#### Data provided ####

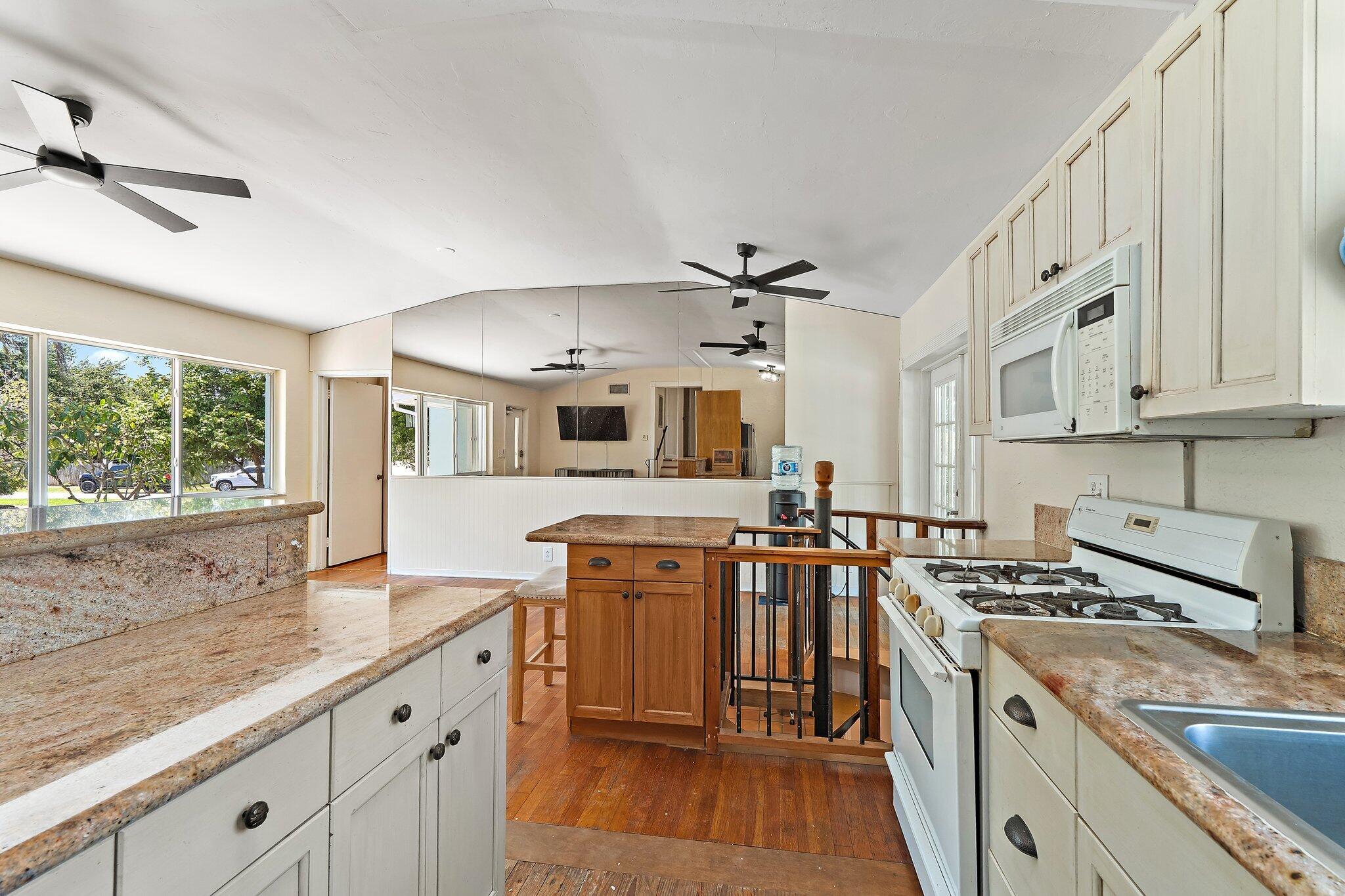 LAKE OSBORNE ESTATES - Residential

####
#### Data provided ####

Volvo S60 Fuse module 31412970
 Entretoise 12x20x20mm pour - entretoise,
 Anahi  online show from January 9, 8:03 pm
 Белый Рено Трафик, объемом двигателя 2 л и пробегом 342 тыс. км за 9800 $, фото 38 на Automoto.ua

####

Using the entries above, output exactly the lines between the line holding "January 9, 8:03 pm" and the line holding "Белый Рено Трафик, объемом", end lines included, and nothing more.

 Anahi  online show from January 9, 8:03 pm
 Белый Рено Трафик, объемом двигателя 2 л и пробегом 342 тыс. км за 9800 $, фото 38 на Automoto.ua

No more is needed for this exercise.